Muhafazakarların ve modernistlerin sorunu da tam burada. Onlar bu bariz farkı görmeden bir genellemeye giderek tam bir Self-Oryantalizm örneği oluyorlar.
20 ve 21’nci yüzyılda İngiltere'den ABD, Rusya ve Çin'e devrolunan emperyalizmin vahşi işgal ve baskılarına karşı direniş hareketlerinin Selefiliğin farklı renklerinden teşekkül etmesi tesadüf değil.
IŞİD gibi Selefiliğe yabancılaşmış aşırı bir ucun dahi Irak'taki ABD-İran çıkar ortaklığının bölge halkına yaptığı zulümler sebebiyle taban bulduğunu hatırlatmak gerek.
Self-Oryantalist yaklaşımlar ise Selefi/Öze Dönüşçü hareketlerin bir proje olduklarını, Dini tahrip ettiklerini ileri sürmekte. Buna karşı da tasavvufçu cemaat ve tarikatların güçlendirilmesi gerektiğini savunmaktalar.
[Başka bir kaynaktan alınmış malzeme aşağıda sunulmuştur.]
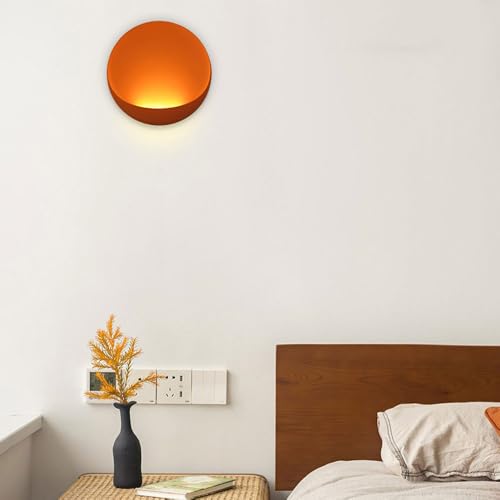 Lámpara rústica de pared para dormitorio que transforma tu hogar en un refugio de paz 6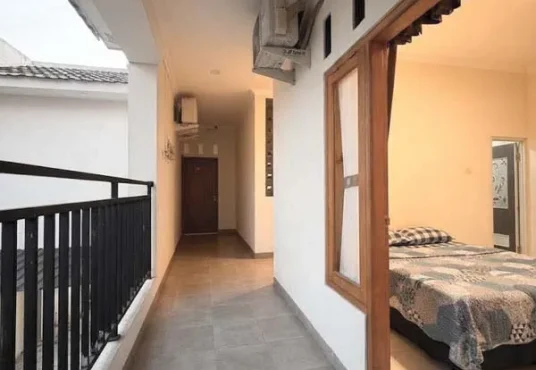 Rumah Induk dan Kos Exclusive Full Furnished 11 Kamar di dekat Jogjabay Wedomartani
Oysa bu iddia gerçeği yansıtmıyor. Evet işgalcilerle işbirliği yapan Selefi akım, örgüt ve güçler mevcut. Ama bu tüm Selefiliği tarihteki tüm Selefi çabaları kapsamıyor.
Aksine egemen güçler gerek muhafazakar gerek modernist gerekse de ıslahçı çizgilerden kendilerine partnerler bulabilirken bu 3 ana akımdan karşıtlar da buluyorlar.